— Занятия жителей? — продолжал Цербет с одушевлением. — За ними невозможно уследить. Какой-нибудь Шульц всю жизнь жил вдали от рек и морей, садил картошку и рассчитывал умереть на сухом месте. И вдруг его извещают, что в такой-то день и час его картошка провалится сквозь землю и сам он также последует за ней, если не отбежит за столько-то километров в сторону. Он отбегает, возвращается и видит себя на берегу канала с двухцветной красно-зеленой водой. Эту воду нельзя пить, но по ней можно плавать в лодках и на судах. Железные дороги прорваны колесом, и пока строятся мосты, грузы идут по каналам. При этих условиях приходится забыть о картошке и стать плотником, матросом, капитаном. Еще позже канал встречается с какой-нибудь большой рекой, часть его воды начинает утекать в море. Он мелеет. Шульц возвращается домой, и тут убеждается, каким дураком он был всю жизнь. Колесо разворотило землю и показало ему, какие богатства лежали под его картошкой: золото, уголь, медь… Он делается золотоискателем и сначала очень этому радуется, но потом начинает жалеть о картошке. О чем говорят последние цифры: население убыло на одну десятую, а площадь под хлебом сократилась на целую треть. Если дело и дальше пойдет в этой пропорции, каждый предпочтет картошку…
— Нас ждет голод, — сказал Эккерт тягуче. — Это ясно: мы вымрем от голода…
— Если только, — перебил его Цербст, — до этого не будем попросту раздавлены колесом. Сейчас оно не тронуло нас, оно оставило нас прозябать на полосе между двумя зонами разрушения. Но через год оно кончит обрабатывать землю поперек оси и начнет винтить через полюса. К тому времени от земной поверхности не останется ничего кроме каналов с океанской водой и узенькими полосками суши между ними. Мимо Берлина поплывут льдины из Северного океана. Их увидят те несчастные существа, которые останутся в здешних местах.
— О, да: каналы! — вздохнул Эккерт. — Слишком много каналов. Они нас погубят. Не странно ли, что я уже предчувствовал нечто подобное. Меня всегда печалило, что на нашей карте слишком много зеленой краски. Я сам не мог понять, откуда у меня эта нелюбовь к зелени, которая другим как раз нравилась. Теперь я понимаю: это было здоровое чутье, тоска по хорошим водоразделам — как бы они пригодились нам теперь.
— Вы думаете, нам могут помочь водоразделы? — переспросил Цербст с неудовольствием, ибо водоразделы нарушали созданную им картину неминуемой гибели. — Что такое водоразделы? Временная отсрочка, какие-нибудь лишние два-три года отвратительного существования, без перспектив, с мышиной борьбой за кусочек места. Вы забываете, что, кроме каналов, колесо может уничтожить нас на тысячу ладов.
Он подумал и без труда выложил перед Эккертом парочку добавочных способов гибели: массовое отравление водой, взятой из рек, связанных с системой каналов, чудовищная эпидемия, которая будет вызвана обилием падали в местах прохода колеса.

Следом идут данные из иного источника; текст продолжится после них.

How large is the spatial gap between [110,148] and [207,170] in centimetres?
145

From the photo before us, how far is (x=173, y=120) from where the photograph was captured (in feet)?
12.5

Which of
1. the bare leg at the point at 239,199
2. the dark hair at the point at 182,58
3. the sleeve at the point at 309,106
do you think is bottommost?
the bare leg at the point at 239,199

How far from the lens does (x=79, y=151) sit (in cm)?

— Мир провоняет тухлой рыбой! — кричал Цербст.
Он оживился, придумывая новые способы гибели, но чей-то резкий голос за его спиной прервал его.
— Вы начитались плохих газет, молодой человек, — увесисто сказал старик в сером мундире, стоявший позади него. — Вы даром пугаете людей. Ничего из того, что вы говорили, не случится. Потому что колесо будет остановлено.
— Каким образом?
Цербст усмехнулся свысока, но Эккерт взглянул на старика с надеждой.

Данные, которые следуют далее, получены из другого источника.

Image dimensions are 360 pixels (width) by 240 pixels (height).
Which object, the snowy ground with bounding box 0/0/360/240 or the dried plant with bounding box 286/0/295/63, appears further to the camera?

— Об этом позаботятся те, кто сменит у власти теперешних правителей. Потому что на нынешних нечего рассчитывать. Надо даже благодарить колесо: оно доставляет им столько неприятностей, что они не выдержат и устранятся сами, не дожидаясь, пока другие устранят их силой…
Старик говорил вполголоса, но все же слишком громко для осторожного Эккерта, который почувствовал себя неловко и стал смотреть в сторону. Эккерт уверенно обращался с погодой и лунными затмениями, но робел, когда дело касалось предержащих властей.
— Ваш девиз: чем хуже, тем лучше? — спросил менее осторожный Цербст.
Разговор происходил на улице в очереди перед хлебным распределителем. Очередь отражала двусмысленное настроение в городе, в котором на восемь миллионов жителей не было и сотни вагонов продовольствия. Старик в сером мундире был лишь откровеннее других. Цербст пригляделся к его мундиру и улыбнулся: по краю воротника у него шла темная кайма — след от споротого галуна.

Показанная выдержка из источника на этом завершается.